Using the data below, return every line that holds the word "Series".

Entries shown:
□ □ □

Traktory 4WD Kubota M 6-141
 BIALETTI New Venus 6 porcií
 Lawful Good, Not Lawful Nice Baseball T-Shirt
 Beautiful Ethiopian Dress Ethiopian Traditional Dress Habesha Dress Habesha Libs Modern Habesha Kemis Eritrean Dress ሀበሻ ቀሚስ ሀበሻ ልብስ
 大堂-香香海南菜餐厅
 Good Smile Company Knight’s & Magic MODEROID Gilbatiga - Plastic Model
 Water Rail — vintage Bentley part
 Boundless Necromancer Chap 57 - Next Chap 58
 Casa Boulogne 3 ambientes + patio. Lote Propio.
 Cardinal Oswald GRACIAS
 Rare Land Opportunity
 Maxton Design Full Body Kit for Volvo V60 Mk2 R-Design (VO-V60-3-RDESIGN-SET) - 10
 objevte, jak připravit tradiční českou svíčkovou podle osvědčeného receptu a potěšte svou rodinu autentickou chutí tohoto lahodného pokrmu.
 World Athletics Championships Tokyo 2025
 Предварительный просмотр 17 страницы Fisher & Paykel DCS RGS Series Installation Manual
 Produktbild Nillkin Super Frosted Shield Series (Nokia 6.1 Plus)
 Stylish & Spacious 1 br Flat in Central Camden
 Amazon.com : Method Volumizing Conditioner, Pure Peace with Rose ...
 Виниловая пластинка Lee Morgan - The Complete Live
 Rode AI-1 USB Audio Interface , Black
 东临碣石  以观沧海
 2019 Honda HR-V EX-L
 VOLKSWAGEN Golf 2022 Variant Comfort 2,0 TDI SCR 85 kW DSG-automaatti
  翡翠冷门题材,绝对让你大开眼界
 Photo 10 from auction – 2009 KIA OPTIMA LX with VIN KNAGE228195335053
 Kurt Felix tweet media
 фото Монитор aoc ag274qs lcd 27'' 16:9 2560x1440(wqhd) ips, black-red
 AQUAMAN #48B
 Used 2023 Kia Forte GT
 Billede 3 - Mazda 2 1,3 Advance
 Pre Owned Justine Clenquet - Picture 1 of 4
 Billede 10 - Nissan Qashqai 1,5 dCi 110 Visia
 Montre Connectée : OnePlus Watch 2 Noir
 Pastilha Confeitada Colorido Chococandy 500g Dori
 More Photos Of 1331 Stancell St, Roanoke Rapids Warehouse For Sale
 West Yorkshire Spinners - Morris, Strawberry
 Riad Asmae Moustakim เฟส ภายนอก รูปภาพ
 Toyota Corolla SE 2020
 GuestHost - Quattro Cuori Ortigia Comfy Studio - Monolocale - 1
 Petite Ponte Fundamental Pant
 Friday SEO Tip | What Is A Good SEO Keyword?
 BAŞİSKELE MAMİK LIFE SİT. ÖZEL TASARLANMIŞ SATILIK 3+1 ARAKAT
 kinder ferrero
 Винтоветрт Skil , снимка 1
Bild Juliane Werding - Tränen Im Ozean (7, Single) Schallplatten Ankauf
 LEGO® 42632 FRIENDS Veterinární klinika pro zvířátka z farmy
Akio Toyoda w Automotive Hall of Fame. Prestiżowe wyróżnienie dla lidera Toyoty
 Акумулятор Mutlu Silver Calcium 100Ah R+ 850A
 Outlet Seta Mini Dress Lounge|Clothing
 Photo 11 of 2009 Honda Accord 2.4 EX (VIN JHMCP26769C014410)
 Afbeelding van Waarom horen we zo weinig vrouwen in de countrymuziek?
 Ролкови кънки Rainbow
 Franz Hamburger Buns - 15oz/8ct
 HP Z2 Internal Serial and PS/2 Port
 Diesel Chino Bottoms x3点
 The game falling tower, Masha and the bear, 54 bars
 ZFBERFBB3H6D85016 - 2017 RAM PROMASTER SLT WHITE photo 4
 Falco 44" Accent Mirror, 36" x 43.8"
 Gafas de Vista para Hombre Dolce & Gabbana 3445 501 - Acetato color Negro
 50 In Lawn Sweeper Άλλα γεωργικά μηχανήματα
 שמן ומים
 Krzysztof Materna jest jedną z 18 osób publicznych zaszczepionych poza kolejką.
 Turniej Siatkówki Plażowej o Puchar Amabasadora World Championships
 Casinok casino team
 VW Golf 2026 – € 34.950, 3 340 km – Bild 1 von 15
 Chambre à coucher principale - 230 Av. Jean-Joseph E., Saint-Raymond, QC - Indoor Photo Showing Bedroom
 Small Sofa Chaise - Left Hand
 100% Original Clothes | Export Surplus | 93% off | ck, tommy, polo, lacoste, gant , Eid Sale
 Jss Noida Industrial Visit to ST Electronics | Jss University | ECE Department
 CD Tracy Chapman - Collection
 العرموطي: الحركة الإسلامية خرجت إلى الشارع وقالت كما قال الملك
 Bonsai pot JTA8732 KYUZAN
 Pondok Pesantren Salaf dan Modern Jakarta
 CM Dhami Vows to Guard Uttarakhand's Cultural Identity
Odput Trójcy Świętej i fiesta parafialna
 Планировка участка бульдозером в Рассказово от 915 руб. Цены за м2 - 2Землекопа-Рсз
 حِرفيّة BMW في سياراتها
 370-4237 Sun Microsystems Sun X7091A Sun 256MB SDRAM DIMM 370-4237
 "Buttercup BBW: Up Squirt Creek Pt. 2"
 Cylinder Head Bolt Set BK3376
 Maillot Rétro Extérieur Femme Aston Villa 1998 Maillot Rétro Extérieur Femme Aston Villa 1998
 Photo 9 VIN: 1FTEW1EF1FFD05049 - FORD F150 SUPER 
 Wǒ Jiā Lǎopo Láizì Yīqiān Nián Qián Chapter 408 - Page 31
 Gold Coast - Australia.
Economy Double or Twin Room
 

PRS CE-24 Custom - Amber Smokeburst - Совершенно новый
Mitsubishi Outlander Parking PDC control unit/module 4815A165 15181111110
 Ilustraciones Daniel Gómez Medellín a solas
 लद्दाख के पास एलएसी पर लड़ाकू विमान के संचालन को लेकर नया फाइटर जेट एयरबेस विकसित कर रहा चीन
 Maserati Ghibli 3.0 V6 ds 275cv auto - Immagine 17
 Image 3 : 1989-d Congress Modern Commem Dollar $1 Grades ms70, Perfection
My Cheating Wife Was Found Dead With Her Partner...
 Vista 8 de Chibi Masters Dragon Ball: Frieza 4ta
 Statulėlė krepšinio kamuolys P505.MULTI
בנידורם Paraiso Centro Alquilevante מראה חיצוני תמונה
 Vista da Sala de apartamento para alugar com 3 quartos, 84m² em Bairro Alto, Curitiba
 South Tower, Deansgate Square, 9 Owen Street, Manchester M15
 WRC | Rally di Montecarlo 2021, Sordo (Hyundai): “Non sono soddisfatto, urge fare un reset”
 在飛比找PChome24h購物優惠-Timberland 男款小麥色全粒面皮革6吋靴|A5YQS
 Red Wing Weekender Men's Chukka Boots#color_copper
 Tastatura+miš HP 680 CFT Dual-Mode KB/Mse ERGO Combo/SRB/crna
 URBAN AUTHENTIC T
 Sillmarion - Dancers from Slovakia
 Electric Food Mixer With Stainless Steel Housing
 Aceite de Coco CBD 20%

□ □ □

Result:
 Предварительный просмотр 17 страницы Fisher & Paykel DCS RGS Series Installation Manual
 Produktbild Nillkin Super Frosted Shield Series (Nokia 6.1 Plus)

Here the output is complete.